Figure 4. Influence of spatio-temporal proposal quality on UCF-Sports. The baseline corresponds to the result from the first experiment. For the others, the ground truth location is added as one of the proposals dur- ing testing. Where, ε states the fraction of low quality (overlap ≤ 0.5) proposals that are removed. Action localization performance increases when large amounts of low quality proposals are removed. We conclude that better quality action proposals will have a positive impact on pointly-supervised action localization.

The Figure above paints a clear picture: the big mountain of low quality spatio-temporal proposals hampers the performance greatly. For example, on UCF Sports, only 7% of the proposals have an overlap of at least 0.5 (!). Only when removing most of the low quality we can achieve competitive results.

The results above show why spatio-temporal proposals are getting out of fashion. Why search for a needle in the haystack?

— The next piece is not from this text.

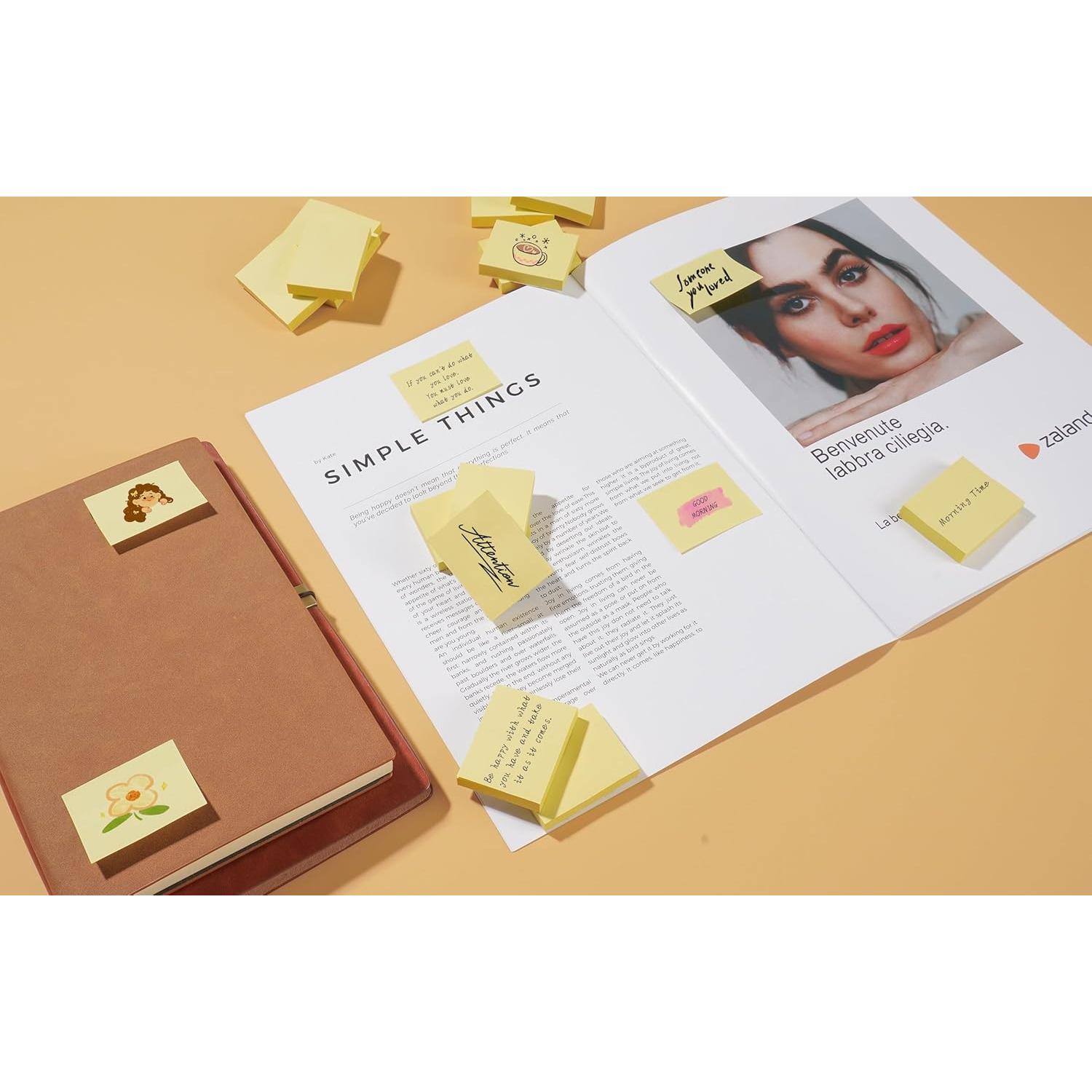 Notas Adhesivas Mini TKTB Amarillo 3.81x5.08 cm 36 Hojas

Spatio-temporal proposals do maintain several benefits. Most notably, spatio-temporal proposals are unsupervised, which means that the intractable search space of actions can be reduced to a few hundred to a few thousand tubes without the need for manual annotations. But to make them viable in current literature again, care needs to be taken to (i) generate better fitting proposals, (ii) filter low quality proposals, and (iii) guide the selection towards high-quality proposals.

Conclusions and open research items

This blog has detailed our investigation into action localization with point supervision. We start from the observation that spatio-temporal proposals are not restricted to testing and can be used during training. As a result, action localization can be cast as Multiple Instance Learning. Since standard Multiple Instance Learning is not sufficient, we propose point supervision as additional information. We find that points are as effective as boxes for action localization. Moreover, points are 10 to 100 times faster to annotate than boxes [1]. We therefore recommend point supervision for action localization with spatio-temporal proposals.

Concurrent with spatio-temporal proposals, another recent line of work focuses on action localization by separating the spatial and temporal localization, see e.g. [9,10]. A model is first learned at the box level, after which boxes are linked over time. While effective, these methods are more reliant on expensive box supervision. Investigating how point supervision can replace boxes in this framework constitutes viable future work for action localization.


[1] Pascal Mettes, and Cees G. M. Snoek. "Pointly-Supervised Action Localization." arXiv:1805.11333 (2018).
[2] Pascal Mettes, Jan C. van Gemert, and Cees G. M. Snoek. "Spot on: Action localization from pointly-supervised proposals." ECCV (2016).
[3] Jasper R. R. Uijlings, Koen E. A. Van De Sande, Theo Gevers, and Arnold W. M. Smeulders. "Selective search for object recognition." IJCV (2013).
[4] Zitnick, C. Lawrence, and Piotr Dollár. "Edge boxes: Locating object proposals from edges." ECCV (2014).
[5] M. M. Cheng, Z. Zhang, W. Y. Lin, and P. Torr. "BING: Binarized normed gradients for objectness estimation at 300fps." CVPR (2014).
[6] Jan C. van Gemert, Mihir Jain, Ella Gati, and Cees G. M. Snoek. "APT: Action localization proposals from dense trajectories." BMVC (2015).
[7] Ramazan G. Cinbis, Jakob Verbeek, and Cordelia Schmid. "Weakly supervised object localization with multi-fold multiple instance learning." TPAMI (2017).
[8] Stuart Andrews, Ioannis Tsochantaridis, and Thomas Hofmann. "Support vector machines for multiple-instance learning." NIPS (2003).
[9] Georgia Gkioxari, and Jitendra Malik. "Finding action tubes." CVPR (2015).
[10] G. Singh, S. Saha, M. Sapienza, P. Torr, and F. Cuzzolin. "Online real-time multiple spatiotemporal action localisation and prediction." ICCV (2017).